- [DATA LISTING]

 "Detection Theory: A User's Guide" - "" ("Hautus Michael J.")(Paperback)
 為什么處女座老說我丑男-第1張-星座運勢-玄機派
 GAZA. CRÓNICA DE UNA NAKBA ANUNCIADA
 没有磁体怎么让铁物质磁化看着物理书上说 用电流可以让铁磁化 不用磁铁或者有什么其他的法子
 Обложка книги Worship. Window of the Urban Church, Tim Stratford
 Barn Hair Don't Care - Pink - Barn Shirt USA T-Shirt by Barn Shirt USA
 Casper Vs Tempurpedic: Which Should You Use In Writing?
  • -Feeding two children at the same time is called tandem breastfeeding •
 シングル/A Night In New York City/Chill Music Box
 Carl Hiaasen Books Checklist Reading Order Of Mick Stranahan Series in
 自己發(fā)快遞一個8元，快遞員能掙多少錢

- [TASK GOAL]
Print each line, starting with the one that contains "Carl Hiaasen Books" and ending with the last line of the data, exactly as it stands and with no other lines.

- [EXERCISE RESULT]
 Carl Hiaasen Books Checklist Reading Order Of Mick Stranahan Series in
 自己發(fā)快遞一個8元，快遞員能掙多少錢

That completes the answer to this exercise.